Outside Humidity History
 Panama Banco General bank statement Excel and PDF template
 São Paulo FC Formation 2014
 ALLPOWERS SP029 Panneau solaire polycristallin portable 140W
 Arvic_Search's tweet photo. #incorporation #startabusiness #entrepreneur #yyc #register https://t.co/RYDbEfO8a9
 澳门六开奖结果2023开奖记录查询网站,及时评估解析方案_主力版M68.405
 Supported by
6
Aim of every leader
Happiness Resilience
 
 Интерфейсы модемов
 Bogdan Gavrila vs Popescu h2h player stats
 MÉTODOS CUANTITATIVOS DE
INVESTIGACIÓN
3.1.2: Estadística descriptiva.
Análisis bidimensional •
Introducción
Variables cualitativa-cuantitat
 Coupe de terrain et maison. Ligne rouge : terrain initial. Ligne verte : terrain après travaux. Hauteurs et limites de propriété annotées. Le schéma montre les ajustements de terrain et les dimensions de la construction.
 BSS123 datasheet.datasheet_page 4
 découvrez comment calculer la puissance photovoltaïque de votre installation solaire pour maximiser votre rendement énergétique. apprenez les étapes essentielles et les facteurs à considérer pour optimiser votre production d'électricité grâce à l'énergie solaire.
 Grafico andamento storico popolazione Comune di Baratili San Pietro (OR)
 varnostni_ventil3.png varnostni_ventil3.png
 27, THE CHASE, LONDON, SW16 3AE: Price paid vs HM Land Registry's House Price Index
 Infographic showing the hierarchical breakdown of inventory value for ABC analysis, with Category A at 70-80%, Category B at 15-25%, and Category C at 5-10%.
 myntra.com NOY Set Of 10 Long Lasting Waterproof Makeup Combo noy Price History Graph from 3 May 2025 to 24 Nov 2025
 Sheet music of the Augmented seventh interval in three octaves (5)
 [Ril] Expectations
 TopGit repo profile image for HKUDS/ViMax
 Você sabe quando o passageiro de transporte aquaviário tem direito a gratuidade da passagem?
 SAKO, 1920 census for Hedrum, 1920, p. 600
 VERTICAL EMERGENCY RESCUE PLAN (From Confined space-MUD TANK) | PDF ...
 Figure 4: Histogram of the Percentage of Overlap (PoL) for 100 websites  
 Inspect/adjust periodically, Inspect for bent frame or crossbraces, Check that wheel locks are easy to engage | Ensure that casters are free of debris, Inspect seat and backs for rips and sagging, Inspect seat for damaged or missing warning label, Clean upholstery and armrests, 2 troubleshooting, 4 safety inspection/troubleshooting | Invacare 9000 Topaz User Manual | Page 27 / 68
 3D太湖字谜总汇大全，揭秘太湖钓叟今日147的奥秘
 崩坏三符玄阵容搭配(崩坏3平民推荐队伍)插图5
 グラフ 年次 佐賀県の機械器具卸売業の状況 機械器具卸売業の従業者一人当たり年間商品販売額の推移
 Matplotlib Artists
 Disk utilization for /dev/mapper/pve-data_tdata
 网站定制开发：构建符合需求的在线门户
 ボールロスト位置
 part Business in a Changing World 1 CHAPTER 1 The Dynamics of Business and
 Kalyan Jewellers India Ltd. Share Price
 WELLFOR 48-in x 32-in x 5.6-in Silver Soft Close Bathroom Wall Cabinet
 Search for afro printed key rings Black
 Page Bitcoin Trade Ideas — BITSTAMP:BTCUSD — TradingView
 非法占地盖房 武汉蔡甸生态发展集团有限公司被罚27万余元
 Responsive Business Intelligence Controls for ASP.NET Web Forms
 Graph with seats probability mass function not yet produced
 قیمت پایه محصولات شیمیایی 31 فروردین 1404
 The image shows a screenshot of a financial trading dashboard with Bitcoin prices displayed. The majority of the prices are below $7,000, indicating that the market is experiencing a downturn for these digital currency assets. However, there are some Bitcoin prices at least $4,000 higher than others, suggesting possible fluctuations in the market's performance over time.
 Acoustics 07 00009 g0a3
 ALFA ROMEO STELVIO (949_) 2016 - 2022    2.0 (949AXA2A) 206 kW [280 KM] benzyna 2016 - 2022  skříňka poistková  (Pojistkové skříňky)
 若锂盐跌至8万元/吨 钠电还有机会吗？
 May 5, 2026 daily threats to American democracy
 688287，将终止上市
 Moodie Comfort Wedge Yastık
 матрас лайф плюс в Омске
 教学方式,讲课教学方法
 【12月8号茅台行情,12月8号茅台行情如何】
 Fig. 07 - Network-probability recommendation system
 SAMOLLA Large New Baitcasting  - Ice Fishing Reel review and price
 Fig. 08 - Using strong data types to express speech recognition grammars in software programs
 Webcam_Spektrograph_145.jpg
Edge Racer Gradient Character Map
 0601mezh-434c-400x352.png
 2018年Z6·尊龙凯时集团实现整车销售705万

• • • • •

**ASSIGNMENT:**
Copy the listing exactly as it stands.

**SOLVED EXERCISE:**
Outside Humidity History
 Panama Banco General bank statement Excel and PDF template
 São Paulo FC Formation 2014
 ALLPOWERS SP029 Panneau solaire polycristallin portable 140W
 Arvic_Search's tweet photo. #incorporation #startabusiness #entrepreneur #yyc #register https://t.co/RYDbEfO8a9
 澳门六开奖结果2023开奖记录查询网站,及时评估解析方案_主力版M68.405
 Supported by
6
Aim of every leader
Happiness Resilience
 
 Интерфейсы модемов
 Bogdan Gavrila vs Popescu h2h player stats
 MÉTODOS CUANTITATIVOS DE
INVESTIGACIÓN
3.1.2: Estadística descriptiva.
Análisis bidimensional •
Introducción
Variables cualitativa-cuantitat
 Coupe de terrain et maison. Ligne rouge : terrain initial. Ligne verte : terrain après travaux. Hauteurs et limites de propriété annotées. Le schéma montre les ajustements de terrain et les dimensions de la construction.
 BSS123 datasheet.datasheet_page 4
 découvrez comment calculer la puissance photovoltaïque de votre installation solaire pour maximiser votre rendement énergétique. apprenez les étapes essentielles et les facteurs à considérer pour optimiser votre production d'électricité grâce à l'énergie solaire.
 Grafico andamento storico popolazione Comune di Baratili San Pietro (OR)
 varnostni_ventil3.png varnostni_ventil3.png
 27, THE CHASE, LONDON, SW16 3AE: Price paid vs HM Land Registry's House Price Index
 Infographic showing the hierarchical breakdown of inventory value for ABC analysis, with Category A at 70-80%, Category B at 15-25%, and Category C at 5-10%.
 myntra.com NOY Set Of 10 Long Lasting Waterproof Makeup Combo noy Price History Graph from 3 May 2025 to 24 Nov 2025
 Sheet music of the Augmented seventh interval in three octaves (5)
 [Ril] Expectations
 TopGit repo profile image for HKUDS/ViMax
 Você sabe quando o passageiro de transporte aquaviário tem direito a gratuidade da passagem?
 SAKO, 1920 census for Hedrum, 1920, p. 600
 VERTICAL EMERGENCY RESCUE PLAN (From Confined space-MUD TANK) | PDF ...
 Figure 4: Histogram of the Percentage of Overlap (PoL) for 100 websites  
 Inspect/adjust periodically, Inspect for bent frame or crossbraces, Check that wheel locks are easy to engage | Ensure that casters are free of debris, Inspect seat and backs for rips and sagging, Inspect seat for damaged or missing warning label, Clean upholstery and armrests, 2 troubleshooting, 4 safety inspection/troubleshooting | Invacare 9000 Topaz User Manual | Page 27 / 68
 3D太湖字谜总汇大全，揭秘太湖钓叟今日147的奥秘
 崩坏三符玄阵容搭配(崩坏3平民推荐队伍)插图5
 グラフ 年次 佐賀県の機械器具卸売業の状況 機械器具卸売業の従業者一人当たり年間商品販売額の推移
 Matplotlib Artists
 Disk utilization for /dev/mapper/pve-data_tdata
 网站定制开发：构建符合需求的在线门户
 ボールロスト位置
 part Business in a Changing World 1 CHAPTER 1 The Dynamics of Business and
 Kalyan Jewellers India Ltd. Share Price
 WELLFOR 48-in x 32-in x 5.6-in Silver Soft Close Bathroom Wall Cabinet
 Search for afro printed key rings Black
 Page Bitcoin Trade Ideas — BITSTAMP:BTCUSD — TradingView
 非法占地盖房 武汉蔡甸生态发展集团有限公司被罚27万余元
 Responsive Business Intelligence Controls for ASP.NET Web Forms
 Graph with seats probability mass function not yet produced
 قیمت پایه محصولات شیمیایی 31 فروردین 1404
 The image shows a screenshot of a financial trading dashboard with Bitcoin prices displayed. The majority of the prices are below $7,000, indicating that the market is experiencing a downturn for these digital currency assets. However, there are some Bitcoin prices at least $4,000 higher than others, suggesting possible fluctuations in the market's performance over time.
 Acoustics 07 00009 g0a3
 ALFA ROMEO STELVIO (949_) 2016 - 2022    2.0 (949AXA2A) 206 kW [280 KM] benzyna 2016 - 2022  skříňka poistková  (Pojistkové skříňky)
 若锂盐跌至8万元/吨 钠电还有机会吗？
 May 5, 2026 daily threats to American democracy
 688287，将终止上市
 Moodie Comfort Wedge Yastık
 матрас лайф плюс в Омске
 教学方式,讲课教学方法
 【12月8号茅台行情,12月8号茅台行情如何】
 Fig. 07 - Network-probability recommendation system
 SAMOLLA Large New Baitcasting  - Ice Fishing Reel review and price
 Fig. 08 - Using strong data types to express speech recognition grammars in software programs
 Webcam_Spektrograph_145.jpg
Edge Racer Gradient Character Map
 0601mezh-434c-400x352.png
 2018年Z6·尊龙凯时集团实现整车销售705万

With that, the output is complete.